= Jean-Pierre Hébert =

American artist (1939–2021)

Jean-Pierre Hébert (1939 – March 28, 2021) was an American artist of French origin. He specialized in algorithmic art, drawings, and mixed media. He co-founded the Algorists in 1995 with Roman Verostko. From 2003 until his death, he held an artist-in-residence position at the Kavli Institute for Theoretical Physics (KITP) at the University of California, Santa Barbara.

Hébert was born in Calais, France, and grew up in Vence. He worked for many years in the field of computer science even as he pursued his art. He eventually settled in Santa Barbara, California. He was a pioneer in the field of computer art from the mid-1970s on, merging traditional art media and techniques, personal software, plotters, and custom built devices to create an original body of work. He cited the American artist Anni Albers as an early inspiration and noted that he first read about her work in an IBM brochure. He was the recipient of Pollock-Krasner Foundation and David Bermant Foundation awards. In 2012, he received the ACM SIGGRAPH Distinguished Artist Award for Lifetime Achievement in Digital Art.

Hébert produced works on paper, including ink and pencil drawings, paintings, etchings and dry points from polymer and copper plates, and digital prints. He also created sand, water and sound installations, algorithmic visual music, works for wall displays, physics based algorithmic pieces, and more. His work was exhibited extensively and was frequently juried in the SIGGRAPH Art Gallery. Several museums and institutional collections hold his works, including the digital art collections of the Mary and Leigh Block Museum of Art (Northwestern University, Chicago) and the Victoria and Albert Museum (London). The Art Vault of the Thoma Foundation in Santa Fe, New Mexico featured one of his works, "Circle of Squares" (1992) in its 2021 exhibition entitled, "Saint Somebody: Technologies of the Divine."

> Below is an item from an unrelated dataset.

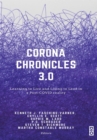 Corona Chronicles 3.0 : Learning to Live and Living to Lead in a Post-COVID reality - eBook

In 2003, he became the artist in residence at the Kavli Institute for Theoretical Physics (KITP) at the University of California, Santa Barbara (UCSB). He assumed this role at the invitation of the KITP's then-director and Nobel-prize-winning physicist, David Gross. At the KITP he organized several Algorists group shows. These shows included Hans Dehlinger, Channa Horwitz, Roman Verostko (in 2006), Jean-François Colonna, Helaman Ferguson, Casey Reas (in 2008), and David Em, Paul Hertz, Robert Lang (in 2009) (in 2011).

He died on March 28, 2021, at the age of 81.

==Sources==

- Lieser, Wolf (2009). Digital Art: H. F. Ullmann Germany. ISBN 978-3-8331-5338-9.
- Faure-Walker, James (2006). Painting the Digital River: Prentice Hall. ISBN 0-13-173902-6.
- Santa Barbara Contemporary Arts Forum (2008). Drawing With the Mind, Catalog. ISBN 1-880658-28-3.
- Spalter, Anne Morgan (1999). The Computer in the Visual Arts: Addison Wesley. ISBN 0-201-38600-3.
- Varichon, Anne & Rocella, Carlo (2006). Etre Sable: Editions du Seuil. ISBN 2-02-084334-X.
- Wands, Bruce (2006). Art of the Digital Age, London: Thames & Hudson. ISBN 0-500-23817-0.